Caro Enzo avresti dovuto scrivere qualche romanzo di Fantascienza, o forse lo hai fatto sotto pseudonimo ed un giorno scopriremo che dietro Herbert o Asimov c'eri tu.
Buon proseguimento
caro Giorgio,
in realtà romanzo breve l'ho scritto...
http://www.infinitoteatrodelcosmo.it/introduzione-vini-dellaltro-mondo/
ed era arrivato anche tra i primi dieci in un premio letterario per storie di fantasy... ma tra me e Asimov c'è un spazio infinito come il Cosmo...
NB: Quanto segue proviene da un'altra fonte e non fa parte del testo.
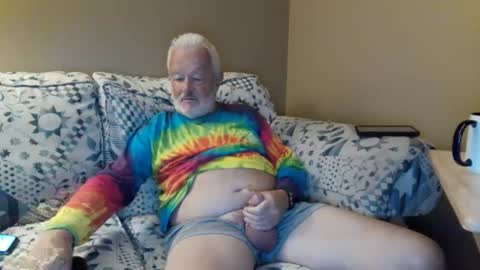 Daddy Bear online show from May 4, 2026, 9:27 am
Ma quanti premi letterari hai vinto, Super-Enzone...??
http://www.infinitoteatrodelcosmo.it/2018/02/14/la-vera-storia-vin-census-17-un-vino-si-arrabbia/
beh... solo uno!
Mi sa che ti sei dimenticato di questo...
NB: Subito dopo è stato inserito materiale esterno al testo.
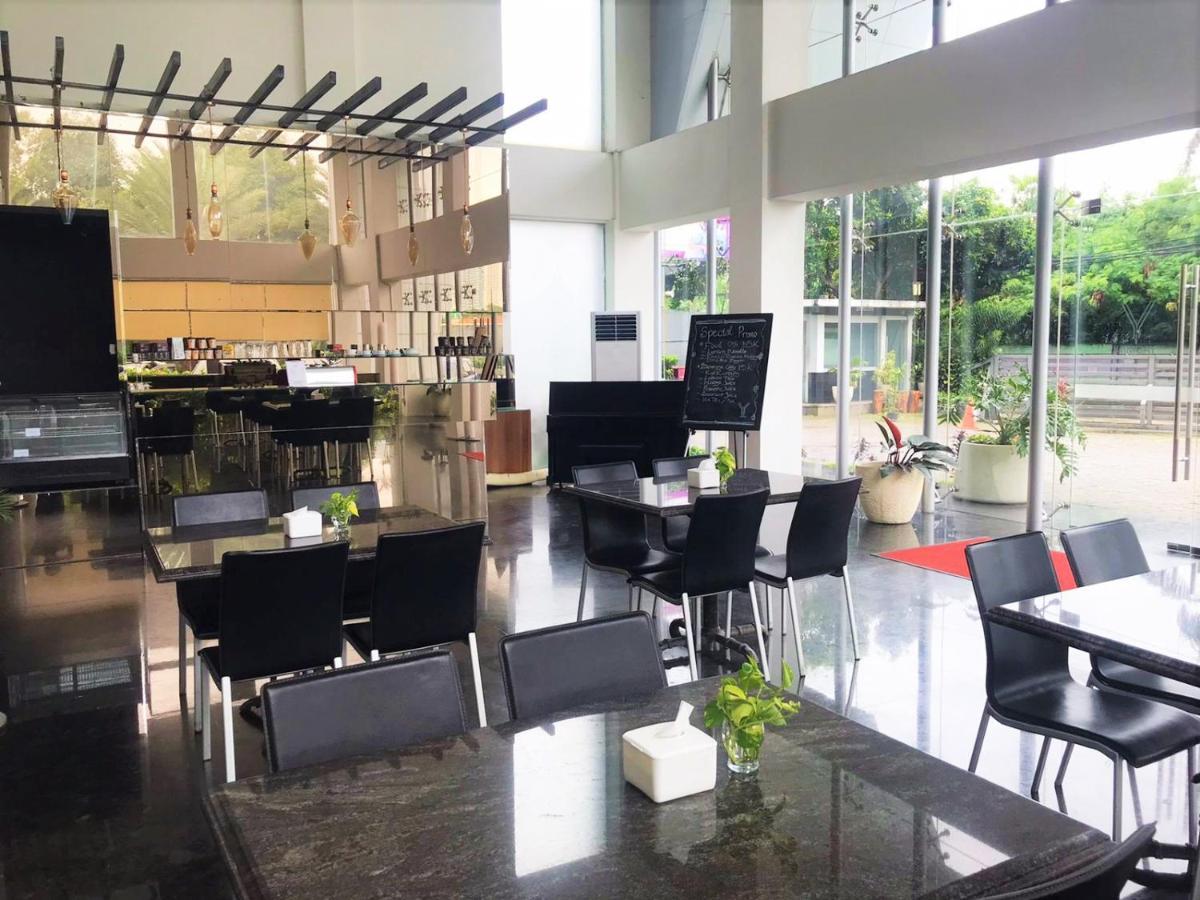 Yasmin Hotel Karawaci Tangerang Esterno foto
https://www.italiaatavola.net/articolo.aspx?id=21776
(ma in effetti, per amor di precisione, questo non è un premio letterario, ma giornalistico)
mi spiace Scherzy... ma è lo stesso articolo (quando un vino si arrabbia) e lo stesso premio...
Lo so... quindi i premi sono due: il premio letterario per il libro “Vini dell’altro mondo” e il premio giornalistico per “Quando un vino si arrabbia”
No... avevi ragione te: il premio letterario non lo hai vinto ma sei arrivato tra primi dieci. Sorry
Povera Umanità, l'hai condannata a 47 secoli di contrapposizione tra Scienza e Fede. Ma, a pensarci bene, sono già molti di più. Con 2700 anni a. C. arrivi appena alla civiltà egiziana e invece era già da mo' che gli stregoni lucravano sulle ingenuita' tribali.